The impact of COVID 19 on the mental, emotional, and relational health of our country has been fairly widespread. Most of us know someone who has been directly impacted by COVID 19 infection if we haven’t ourselves. We have all been impacted by the implications of the global pandemic in one way or another. It is important to recognize the signs of emotional distress in ourselves and our loved ones.
Common symptoms of depression include a persistent feeling of sadness or hopelessness, a loss of interest in things that were once central to one’s life, as well as significant changes in sleep or appetite. Less recognizable symptoms include increased alcohol or drug use, fatigue, forced happiness, irritability, agitation, difficulty concentration, distractibility, and physical pains that seem to have no other cause. Common symptoms of anxiety include a persistent feeling of nervousness, restlessness or tension, rapid breathing, and trouble concentrating. Less common symptoms of anxiety include fatigue, stomach aches, indecisiveness, avoidance, and difficulty dealing with stress.
It is difficult to diagnose yourself or your loved one, but you can observe the signs of distress. Seeing several from the list without other medical explanations may indicate that you or your loved one could use professional help in getting back to feeling more like oneself. Conversations with loved ones about these difficulties could reveal a need for extra support from social relationships, economic resources, or spiritual guidance. For mild symptoms, you or your loved one may benefit from learning coping strategies like meditation or mindfulness. There are several helplines available to support and connect people with help and resources.
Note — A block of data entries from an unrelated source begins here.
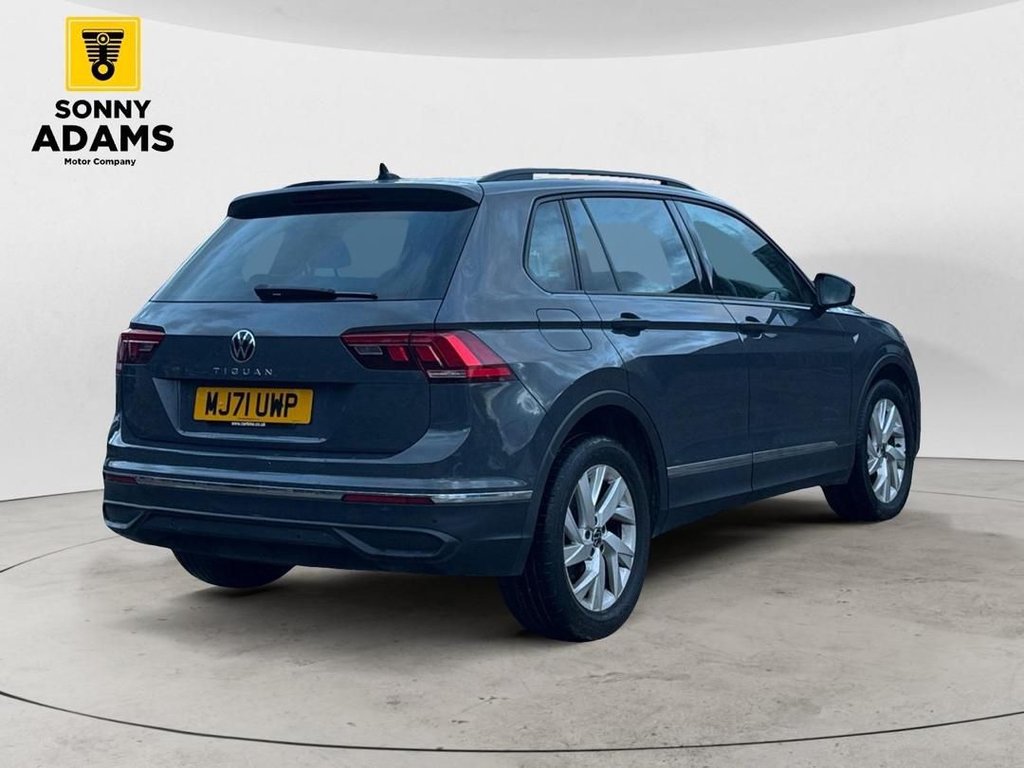 Used Volkswagen Tiguan 2022 for sale - 77368992: Photo 5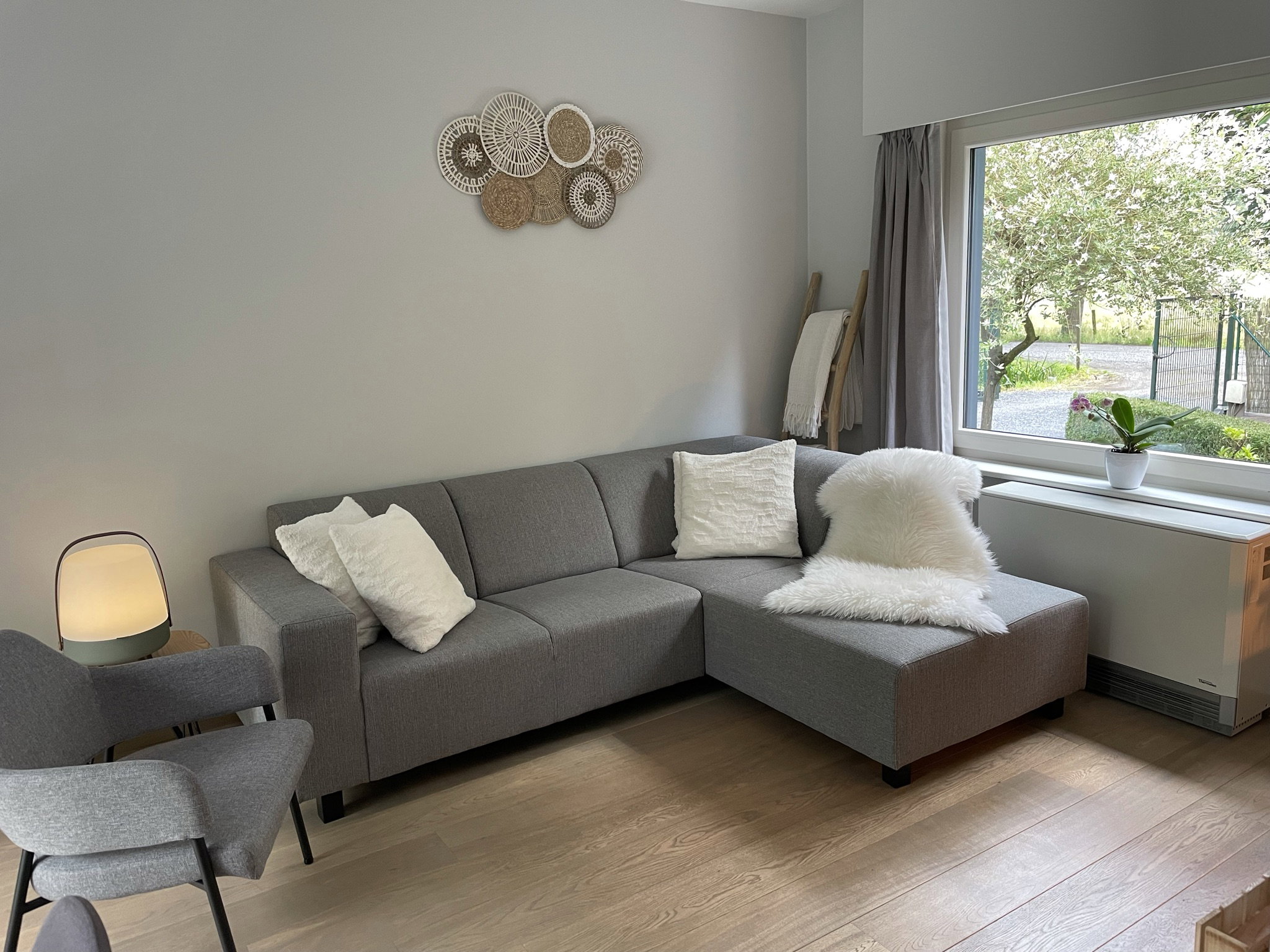 Maison nature à Ursel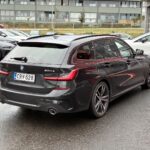 BMW - 330 - G21 Touring 330e xDrive A Charged Edition M Sport / Laser / ACC / 360 / H&K / Muistipenkit / HUD // - Farmari
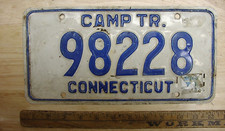 Vntg connecticut camp for sale  Torrington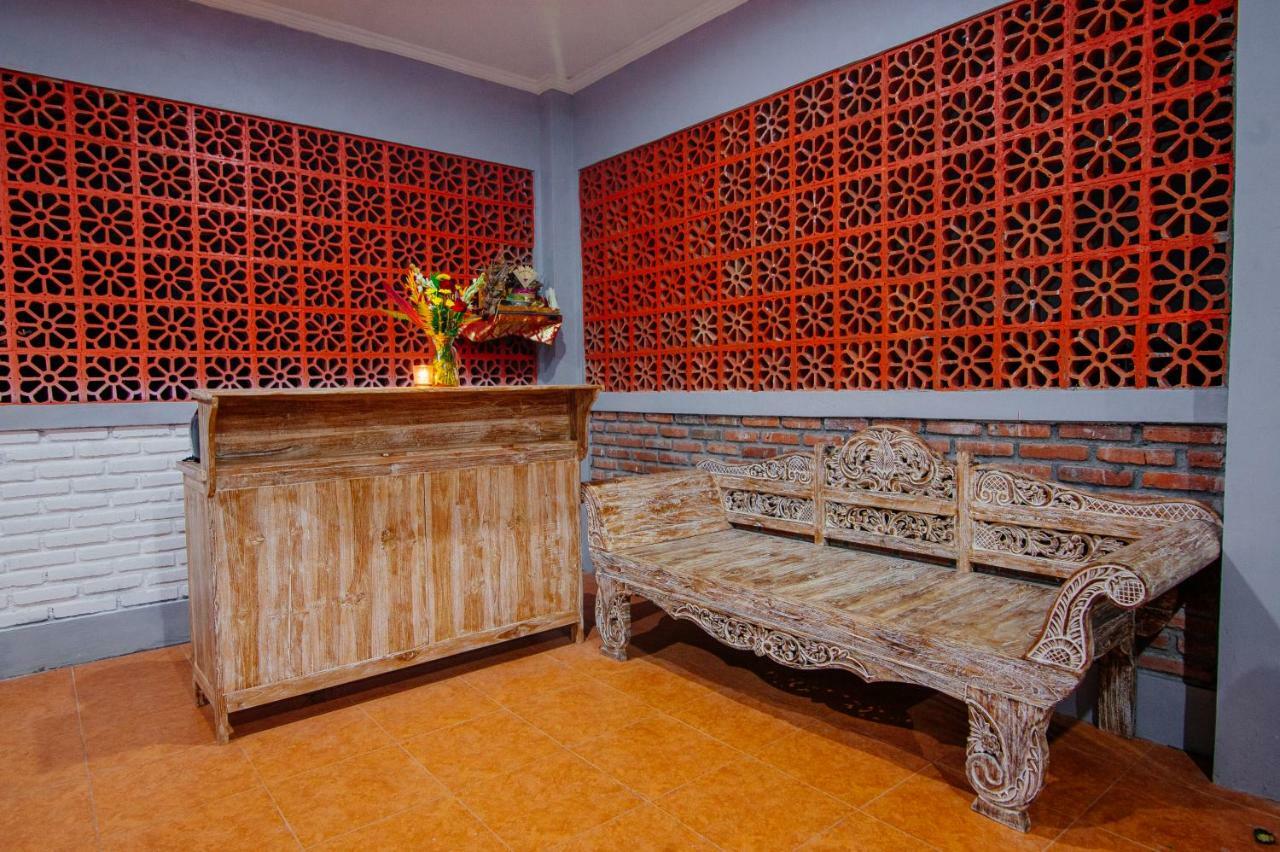 Pd Bali Guesthouse Canggu Exteriör bild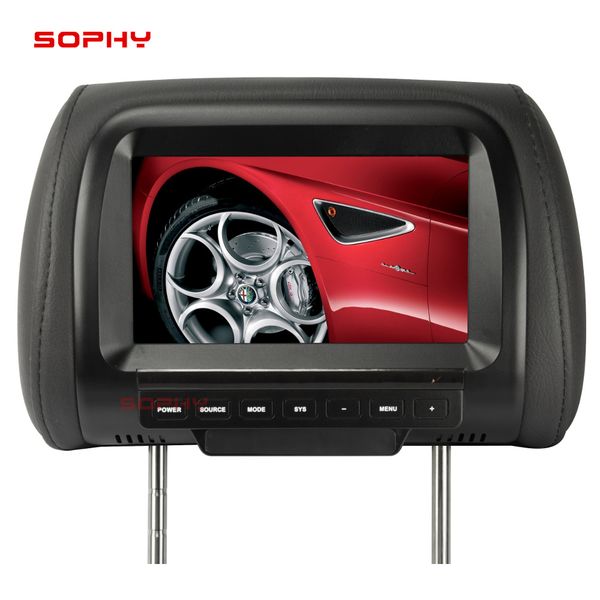 factory direct 7 inch tft led car screen pillow monitor dc 12v dual video inputs black color sh7038
factory direct 7 inch tft led car screen pillow monitor dc 12v dual video inputs black color sh7038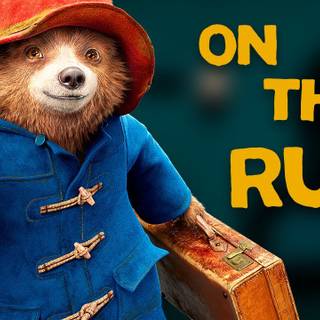 Paddington wallpaper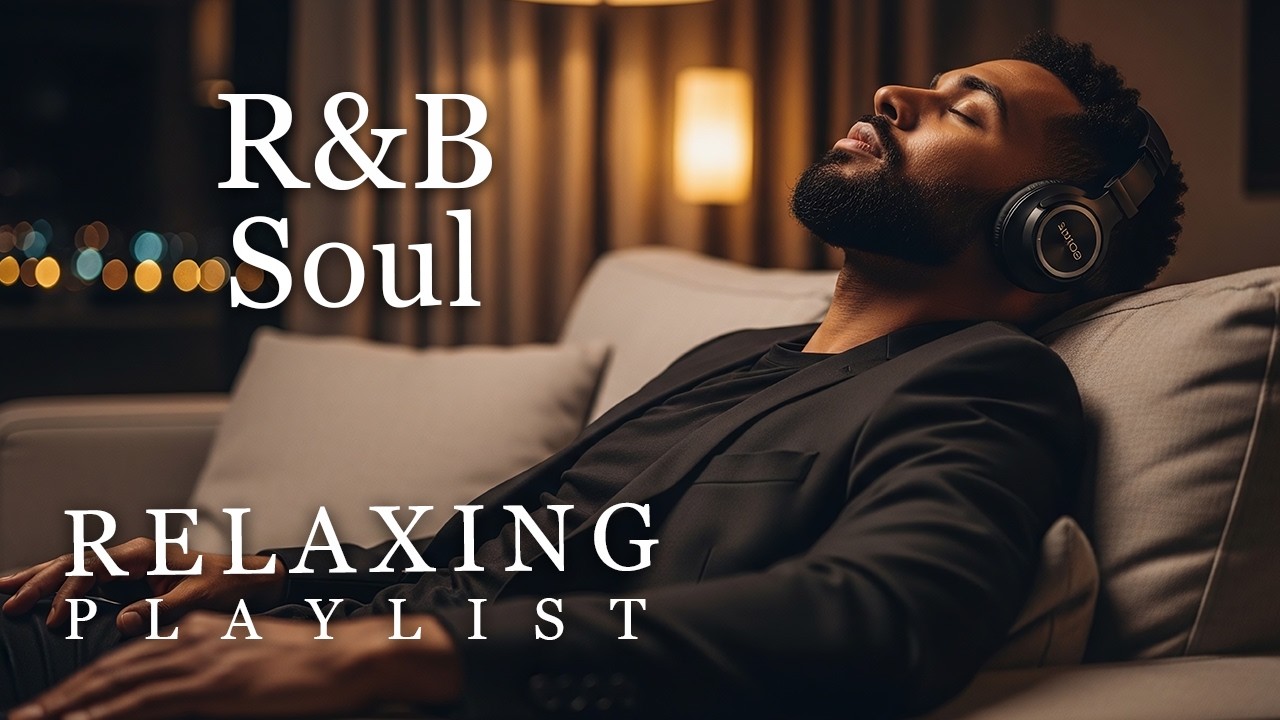 【R&B Soul】Soft Soul Embrace – Midnight Jazz & Smooth R&B Chill Vol. 1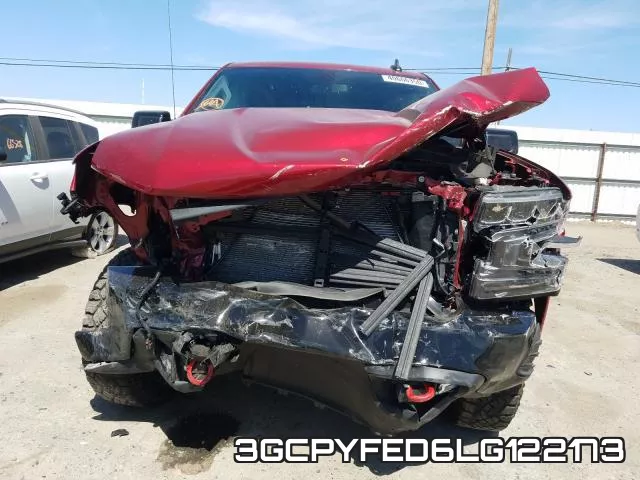 3GCPYFED6LG122173 фото 8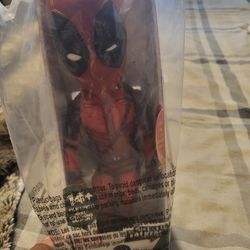 Deadpool Toy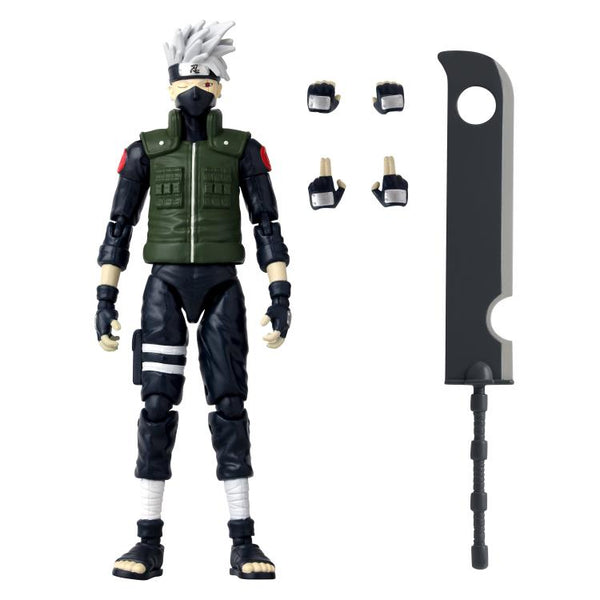 Naruto Shippuden Anime Heroes: Hatake Kakashi (Fourth Great Ninja War)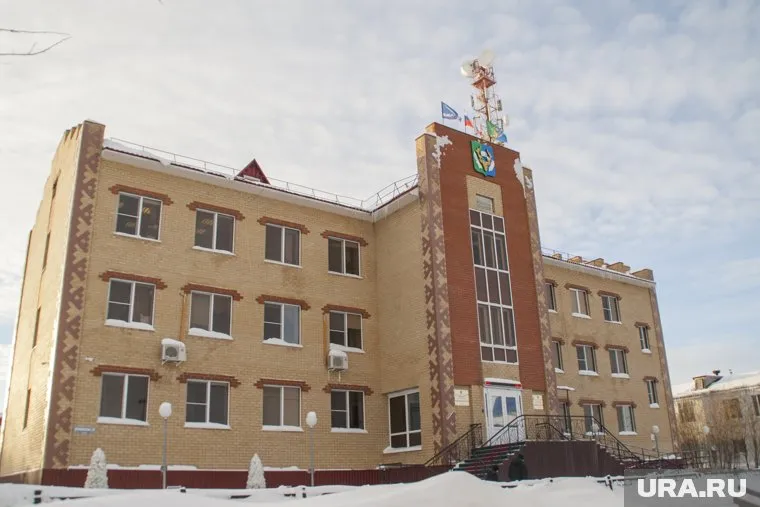 Село Аксарка в ЯНАО станет "гостеприимный дом народов Севера", архивное фото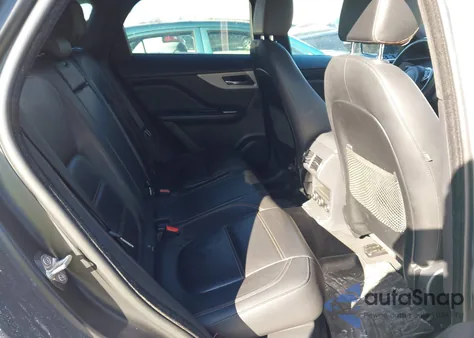 2019 Jaguar F-Pace 25T Prestige from USA, damaged, VIN SADCK2FX1KA367854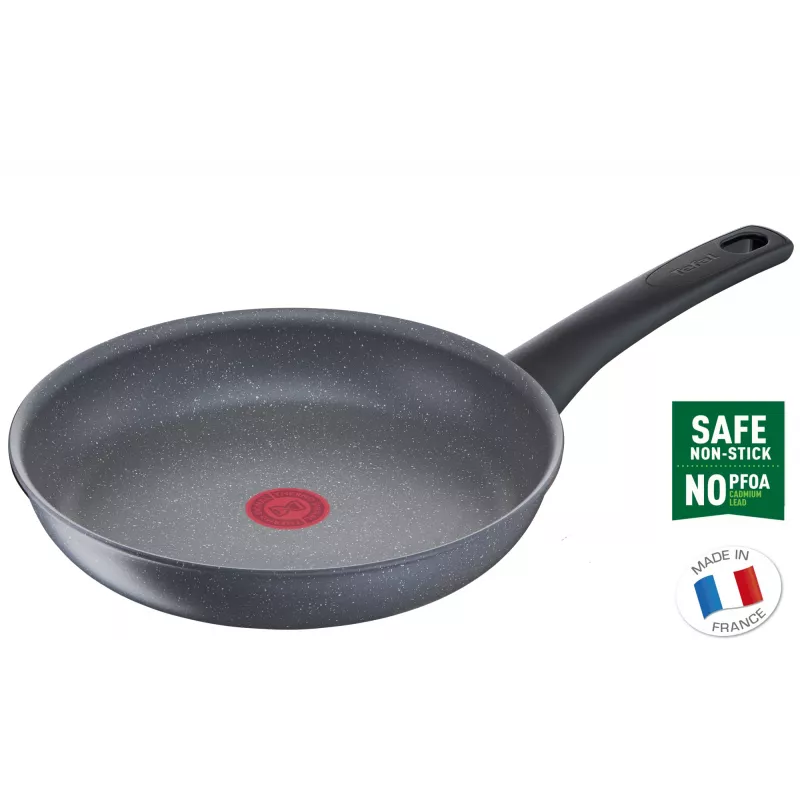 Sartén polivalente Tefal Healthy Chef G15002 redonda 20 cm gris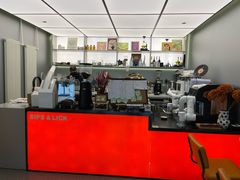 -Sips&Lick茶兰咖啡(五道口店)
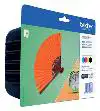 INKTCARTRIDGE BROTHER LC-129XLVALBP ZW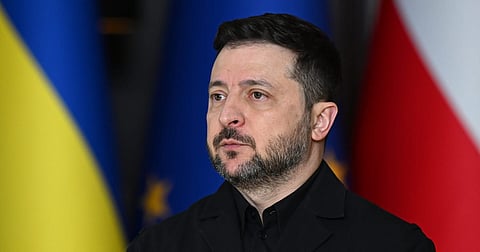 Volodymyr Zelenskyy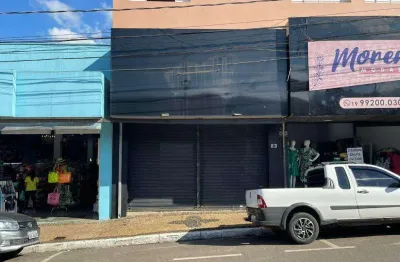 Sala comercial com 2 salas para alugar no Centro, Sumaré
Some of these include the Disaster Distress Helpline, the Crisis Text Line, and the Suicide Prevention Lifeline. You can also reach out to your family doctor for assistance and to be connected to a mental health professional in your area. It is especially important to talk with your pediatrician about any emotional and behavioral changes you are seeing in your children. Behavior is the way children communicate when they haven’t acquired the proper language to describe what they are feeling. Change in behavior and the inability to adequately regulate emotions could indicate a need for intervention. Poor behavior can often mask a deeper issue that discipline may not solve. See the following article from the American Academy of Pediatrics to assist in recognizing signs of stress in your children.
Even through the challenges of this global pandemic, there has been much emphasis on supporting one another in safe ways and linking arms to come through the uncertain times. We can all equip ourselves with knowledge and empathy to see our loved ones and neighbors in need and offer support in ways that we are able.